Por nos tirar da zona de conforto e segurança, toda viagem nos transporta para novos níveis de percepção e consciência. Nunca voltamos do mesmo modo, sempre aprendemos algo novo. É como se saíssemos do nosso corpo e nos víssemos de fora, colocando nossa vida em perspectiva comparativa com aquilo que vemos e experimentamos enquanto viajamos.

Foto: Blog Leve na Viagem

No entanto, existem viagens, e existem “as” viagens. Algumas viagens não apenas nos ensinam, mas também nos transformam profundamente. Quanto mais desafiadores e diferentes forem a jornada e o destino, maior se torna o seu poder transformador. Quanto mais distante uma viagem for da nossa realidade cotidiana, maior o desafio para enfrentar o desconhecido, requerendo que lancemos mão da nossa criatividade e habilidades de relacionamento para solucionar problemas. Se eu não falo a mesma língua que o outro, mas preciso encontrar um posto de gasolina, tenho que tentar me expressar de outra forma, com mímicas ou desenhos, para resolver a situação. Muitas vezes, nossas habilidades ficam adormecidas e anestesiadas em ambientes familiares, pois param de ser usadas e exercitadas, pois já conhecemos tudo e todos. Talvez você não desenhe ou faça mímica há anos, certo? Quando navegamos em rumo ao desconhecido, despertamos e ativamos todos os nossos talentos e habilidades, nos aproximando do aproveitamento máximo de nosso potencial.

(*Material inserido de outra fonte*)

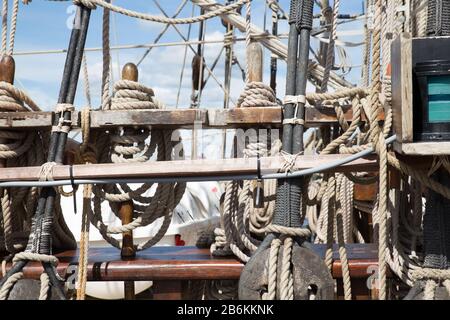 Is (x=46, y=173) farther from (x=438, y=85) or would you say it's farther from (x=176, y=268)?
(x=438, y=85)

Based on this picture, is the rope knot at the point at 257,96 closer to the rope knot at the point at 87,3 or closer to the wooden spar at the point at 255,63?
the wooden spar at the point at 255,63

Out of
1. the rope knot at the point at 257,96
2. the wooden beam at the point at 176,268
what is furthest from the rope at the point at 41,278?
the rope knot at the point at 257,96

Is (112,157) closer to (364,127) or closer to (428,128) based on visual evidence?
(364,127)

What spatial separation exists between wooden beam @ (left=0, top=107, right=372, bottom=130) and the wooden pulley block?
24.2 inches

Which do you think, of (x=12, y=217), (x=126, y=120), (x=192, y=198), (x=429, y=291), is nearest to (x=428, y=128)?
(x=429, y=291)

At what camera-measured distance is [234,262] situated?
8.98ft

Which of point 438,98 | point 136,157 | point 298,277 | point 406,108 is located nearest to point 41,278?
point 136,157

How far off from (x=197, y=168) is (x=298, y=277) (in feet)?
1.89

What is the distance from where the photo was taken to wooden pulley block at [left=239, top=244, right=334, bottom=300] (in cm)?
221

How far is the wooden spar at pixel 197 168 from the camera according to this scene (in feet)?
7.63

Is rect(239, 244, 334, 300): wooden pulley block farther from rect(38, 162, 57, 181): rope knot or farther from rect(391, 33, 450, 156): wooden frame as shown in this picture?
rect(38, 162, 57, 181): rope knot

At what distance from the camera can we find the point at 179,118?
2.69 m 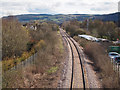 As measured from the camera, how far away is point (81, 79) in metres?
11.3

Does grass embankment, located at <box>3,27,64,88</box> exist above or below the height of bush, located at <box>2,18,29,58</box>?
below

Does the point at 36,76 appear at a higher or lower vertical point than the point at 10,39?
lower

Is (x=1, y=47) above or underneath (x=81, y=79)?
above

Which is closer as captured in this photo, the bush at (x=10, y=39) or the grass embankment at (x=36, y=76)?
the grass embankment at (x=36, y=76)

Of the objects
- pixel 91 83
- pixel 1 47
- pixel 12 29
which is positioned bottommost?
pixel 91 83

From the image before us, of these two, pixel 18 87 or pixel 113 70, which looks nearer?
pixel 18 87

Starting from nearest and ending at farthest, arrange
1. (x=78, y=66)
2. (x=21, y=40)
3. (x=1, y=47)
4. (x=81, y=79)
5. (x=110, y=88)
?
(x=110, y=88), (x=81, y=79), (x=1, y=47), (x=78, y=66), (x=21, y=40)

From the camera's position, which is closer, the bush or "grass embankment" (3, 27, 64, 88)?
"grass embankment" (3, 27, 64, 88)

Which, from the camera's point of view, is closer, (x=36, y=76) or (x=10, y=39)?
(x=36, y=76)

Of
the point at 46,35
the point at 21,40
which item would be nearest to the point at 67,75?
the point at 21,40

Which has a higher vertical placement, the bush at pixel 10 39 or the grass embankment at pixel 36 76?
the bush at pixel 10 39

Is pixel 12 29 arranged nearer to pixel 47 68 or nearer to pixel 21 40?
pixel 21 40

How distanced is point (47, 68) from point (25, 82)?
4187mm

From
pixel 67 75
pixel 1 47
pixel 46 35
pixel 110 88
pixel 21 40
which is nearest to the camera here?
pixel 110 88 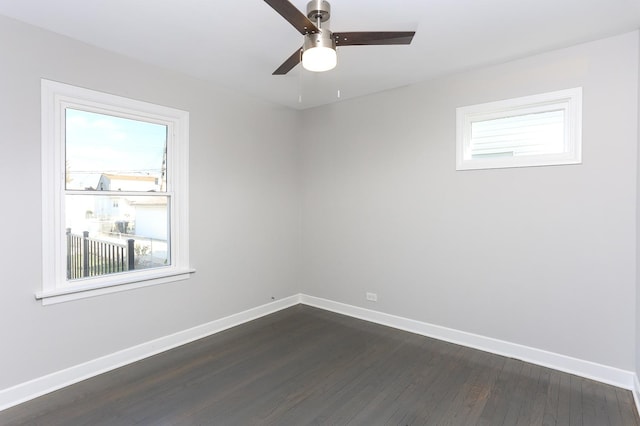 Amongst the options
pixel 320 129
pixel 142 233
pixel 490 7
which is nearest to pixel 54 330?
pixel 142 233

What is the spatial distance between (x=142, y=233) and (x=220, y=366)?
142 cm

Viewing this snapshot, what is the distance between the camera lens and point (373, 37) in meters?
1.90

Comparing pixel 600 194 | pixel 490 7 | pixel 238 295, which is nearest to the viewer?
pixel 490 7

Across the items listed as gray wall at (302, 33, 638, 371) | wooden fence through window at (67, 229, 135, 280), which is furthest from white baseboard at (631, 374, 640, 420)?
wooden fence through window at (67, 229, 135, 280)

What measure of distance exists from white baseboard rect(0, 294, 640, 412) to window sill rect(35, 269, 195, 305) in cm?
53

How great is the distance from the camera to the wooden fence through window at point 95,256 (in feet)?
8.62

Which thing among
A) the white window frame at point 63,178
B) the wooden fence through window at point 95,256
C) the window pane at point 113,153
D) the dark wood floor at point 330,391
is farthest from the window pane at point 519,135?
the wooden fence through window at point 95,256

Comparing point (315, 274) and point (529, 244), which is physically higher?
point (529, 244)

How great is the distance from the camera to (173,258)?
3281 mm

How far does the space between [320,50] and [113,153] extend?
7.08 feet

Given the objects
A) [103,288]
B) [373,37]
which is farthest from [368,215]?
[103,288]

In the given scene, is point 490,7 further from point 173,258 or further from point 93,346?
point 93,346

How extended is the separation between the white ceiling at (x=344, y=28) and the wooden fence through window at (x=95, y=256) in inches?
61.8

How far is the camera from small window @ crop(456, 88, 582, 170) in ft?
8.84
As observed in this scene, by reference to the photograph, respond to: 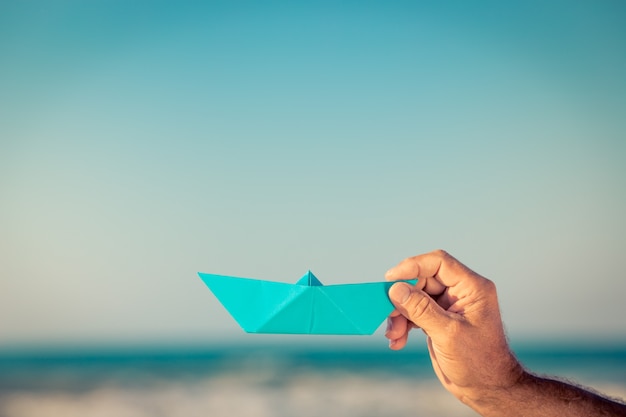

As viagens desafiadoras são como botões de reset nas nossas vidas, nos fazendo ser como crianças novamente, abrindo uma janela para o conhecimento e descoberta que trazem inúmeros benefícios para as nossas vidas profissionais. Vejamos o que acontece com os viajantes em uma nova jornada:

1.Abertura de mente e coração — veem, pensam e experimentam o mundo pela primeira vez, sem preconceitos, despertando sentimentos e análises puras, genuínas. Percebi, por exemplo, na minha viagem mais recente à China (jul/2017), que os dias em que estive lá sem conexão à internet foram os mais cheios de paz que tive nos últimos tempos – certamente, isso era algo que eu não esperava e abriu um novo caminho de pensamento e investigação de comportamento para mim. Novas perspectivas, novas possibilidades, novos modos de agir inaugurados.

2. Capacidade de análise, comparação e ajuste de valores — comparam o novo que acabam de experimentar com o que já têm e fazem anteriormente, abraçando novos valores melhores e descartando os antigos que não fazem mais sentido. Como dizia Henry Thoreau, “O que importa não é o que você olha; mas o que você vê”.

3.Aumento de repertório – conforme viajam por novos lugares e situações, experimentam novas sensações e ampliam o repertório de vida nos 5 sentidos: tato, olfato, paladar, visão e audição; é importante lembrar que repertório é o fio construtor da criatividade.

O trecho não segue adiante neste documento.